Rulers commissioned portraits projecting images of authority, wisdom, and "divine right," often incorporating Christian symbolism to emphasize their "God-given right to rule the state." However, the degree to which a monarch embraced or distanced themselves from religious imagery reveals their intended brand positioning relative to the Church. This is particularly evident in the contrasting approaches of Henry VIII and Elizabeth I, father and daughter who ruled England in succession. Their different religious stances manifested clearly in their royal "advertising."

Henry VIII: A Case Study in Visual Branding
Henry VIII's break from Rome was driven by both personal and political motivations - his desire to annul his first marriage and his aim to establish a more modern model of monarchy where state law superseded church law. This transformation made him the archetypal brand of European religious order deviation.
The King employed an advertising agency; Henry VIII's court painter Hans Holbein made a portrait depicting the subject as a commanding ruler without religious symbolism. The King's stance with legs firmly planted, and the lavishly decorated clothing with exaggerated shoulder padding all convey the presence of a monarch. Some scholars, comparing the proportions of Henry VIII's existing armor with the figure in this painting, note that Henry VIII didn't have such long legs. The painter enhanced his height in composing the image, elevating the "monarch" brand considerably. And, considering that Henry VIII was a middle-aged man in poor health due to an injury when the portrait was painted, Holbein's painting could be seen as having done some "post-production editing." Holbein was a "creative director" who well understood his client's communication strategy and objectives. He executed the deliverable with genius-level skill. The portrait captures the zeitgeist of separation from church.
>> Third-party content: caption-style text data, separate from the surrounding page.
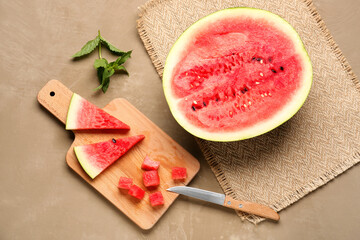 Half of fresh watermelon and board with pieces on brown background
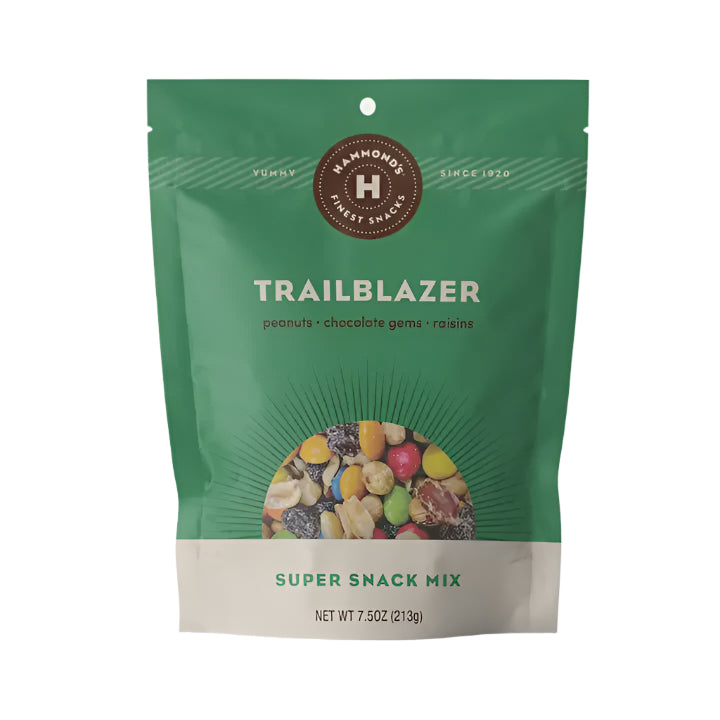 Product packaging design by Hammond’s Finest Snacks featuring a forest green bag of Trailblazer Super Snack Mix on a white background with a circular brand seal and a window showcasing colorful chocolate gems, roasted peanuts, and dark raisins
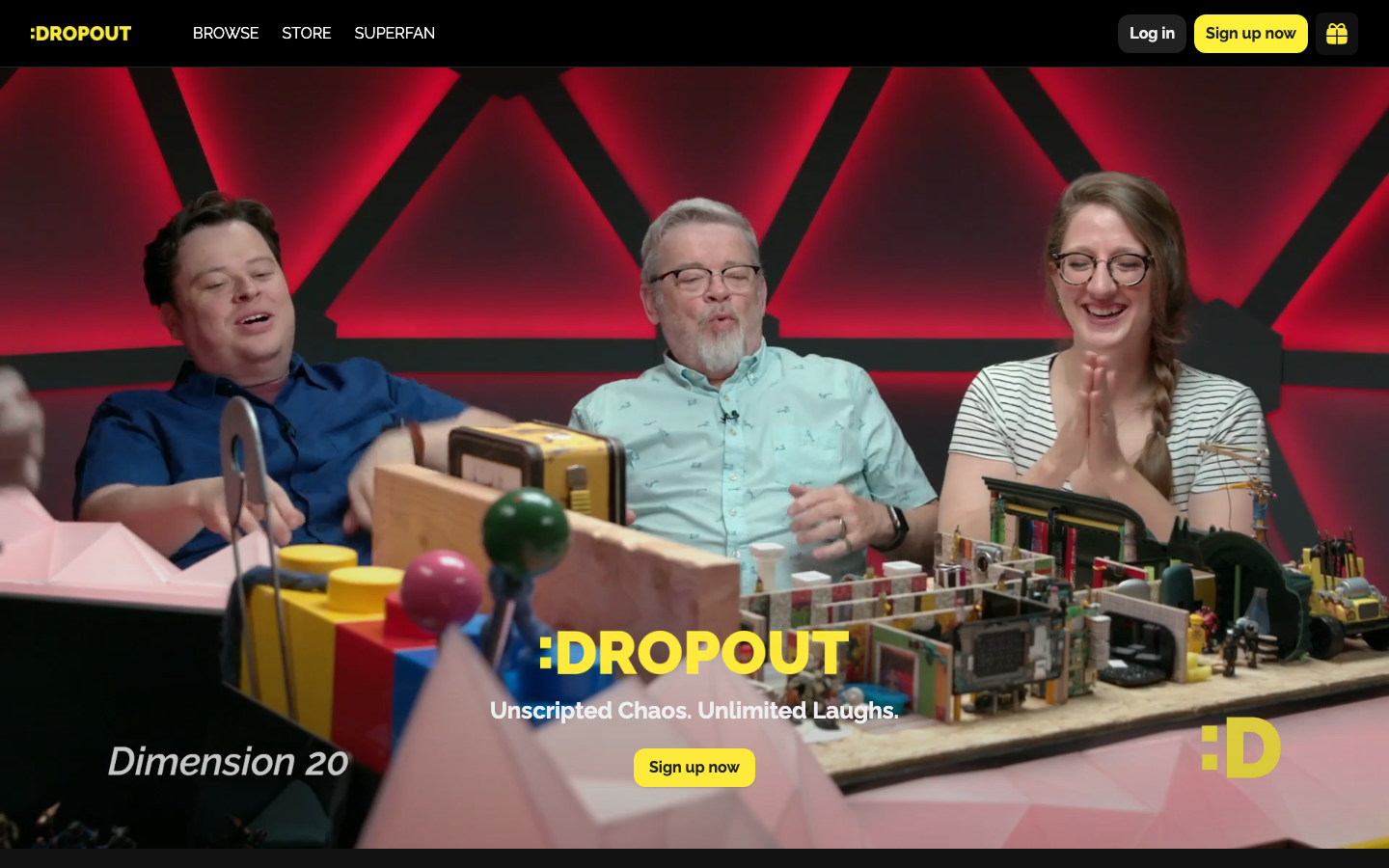 The composition is a dynamic split, with three figures in the foreground interacting with oversized, brightly colored toy blocks. The overall aesthetic feels deliberately chaotic and energetic, mirroring the show's premise. · comedy show, dropout tv, unscripted, talk show, colorful, toys, studio, podcast, interview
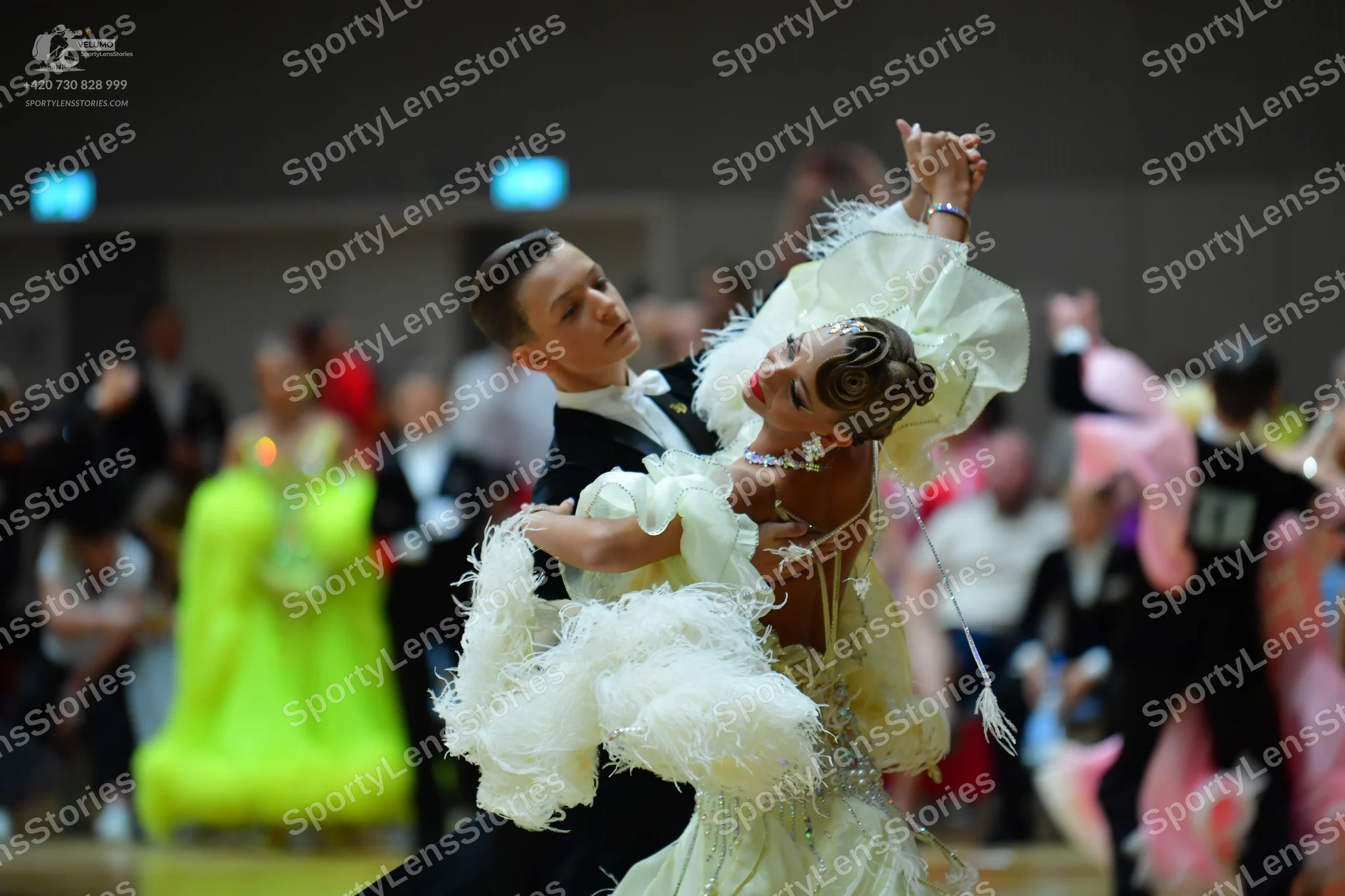Dancesport competitor: Male dancer: black formal dance suit with a white shirt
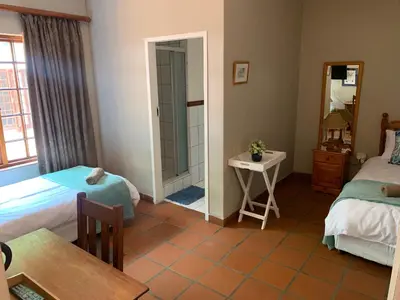 a room with two beds and a table and a mirror at Barnyard Venue in Ermelo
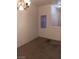 Bright dining area with window and carpet flooring at 5751 E Hacienda Ave # 118, Las Vegas, NV 89122
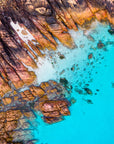 Meelup, Dunsborough, South Western Australia. Clean blue water and orange rocks.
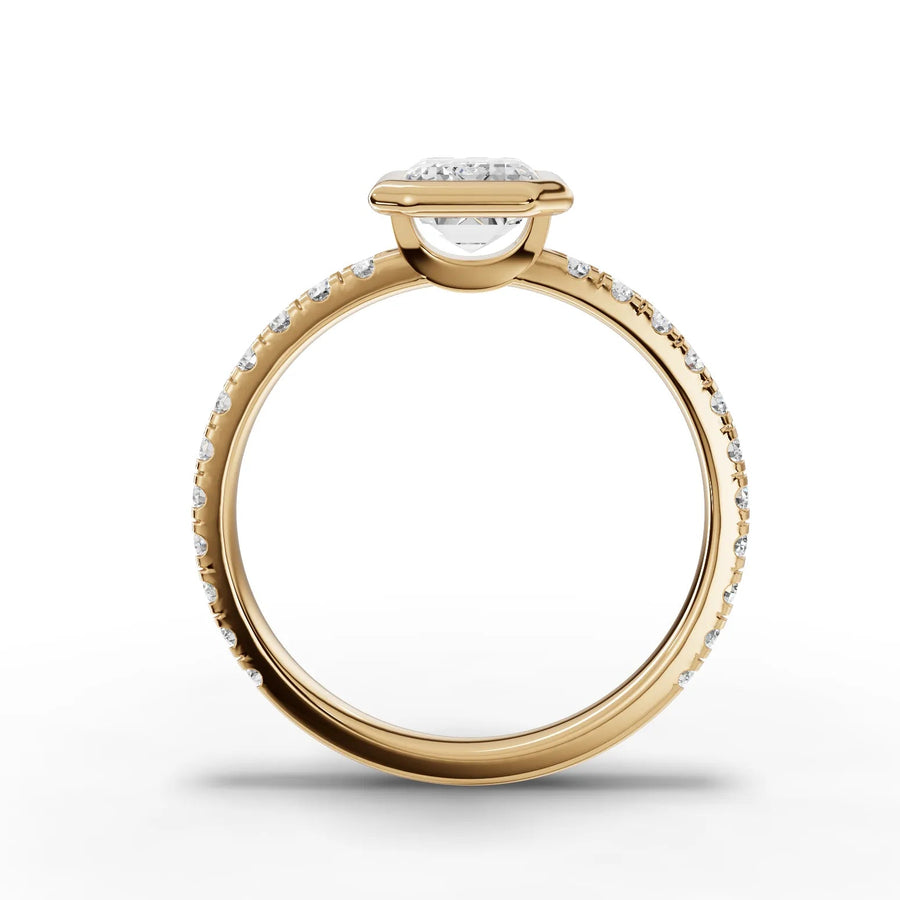 Emerald bezel lab-grown ring yellow gold close-up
Henry VIII seems to have been a natural celebrity who intuitively understood the power of iconic images and their repetition in brand building. He had other painters copy Holbein's successful formula and spread it throughout his territory. He gave them as gifts to acquaintances, courtiers, and ambassadors from various countries. In today's terms, this would be like brand advertising campaign spreading widely through fashion magazines, brochures, posters, and billboards in major world cities. Thanks to these numerous reproduced advertisements, even though Holbein's original was lost to fire in the late 17th century, this imagery remains as Henry VIII's iconic brand image in public memory. It was personal branding for one individual, but also system branding for "monarchy" as a regime beginning to redefine its relationship with the church.

Elizabeth I: The Virgin Queen Brand
While Henry VIII's portraiture marked a decisive break from religious imagery, his daughter Elizabeth I's visual strategy would prove more nuanced. As England's Protestant queen facing Catholic opposition both at home and abroad, Elizabeth needed to project both religious and secular authority. Her portraits masterfully reintegrated Christian symbolism - not to show submission to the Church, but to position herself as both England's supreme ruler and its spiritual mother. This careful balancing act is particularly evident in her coronation portrait, where religious iconography returns, but serves a distinctly different purpose from pre-Reformation royal imagery.
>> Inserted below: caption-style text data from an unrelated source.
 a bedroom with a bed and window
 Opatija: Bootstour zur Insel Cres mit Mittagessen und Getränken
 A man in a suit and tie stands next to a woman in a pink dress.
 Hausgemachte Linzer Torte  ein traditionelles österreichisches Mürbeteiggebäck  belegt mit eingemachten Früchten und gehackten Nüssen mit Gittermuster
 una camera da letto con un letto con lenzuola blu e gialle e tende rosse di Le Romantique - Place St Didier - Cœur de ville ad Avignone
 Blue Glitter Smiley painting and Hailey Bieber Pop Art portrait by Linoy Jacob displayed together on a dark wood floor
In her coronation portrait, Elizabeth I crafts a masterful synthesis of religious and imperial symbolism. The painting combines traditional Christian motifs with potent symbols of earthly power - the orb, crown, and sword - creating a rich visual language that speaks to both sacred and secular authority. This dual symbolism was particularly powerful when we consider Elizabeth's unique position: as a female monarch in a male-dominated age, and as the head of a church that had broken from Rome under her father.
The portrait's composition deliberately evokes parallels with traditional depictions of the Virgin Mary, positioning Elizabeth as England's spiritual mother just as Mary was the mother of Christ. Yet simultaneously, the imperial regalia and her regal bearing assert her temporal authority. This careful layering of meanings created a multilayered brand narrative that effectively established the "Virgin Queen" as a figure of both spiritual and political authority in the minds of her subjects.
Elizabeth's portraiture thus represents a sophisticated evolution in royal image-making. While her father's portraits emphasized secular power through physical presence, Elizabeth's imagery wove together religious and royal symbolism to create a more complex visual language. This strategic use of religious iconography wasn't a return to pre-Reformation practices, but rather a new synthesis that served her specific political and cultural needs as England's Protestant queen.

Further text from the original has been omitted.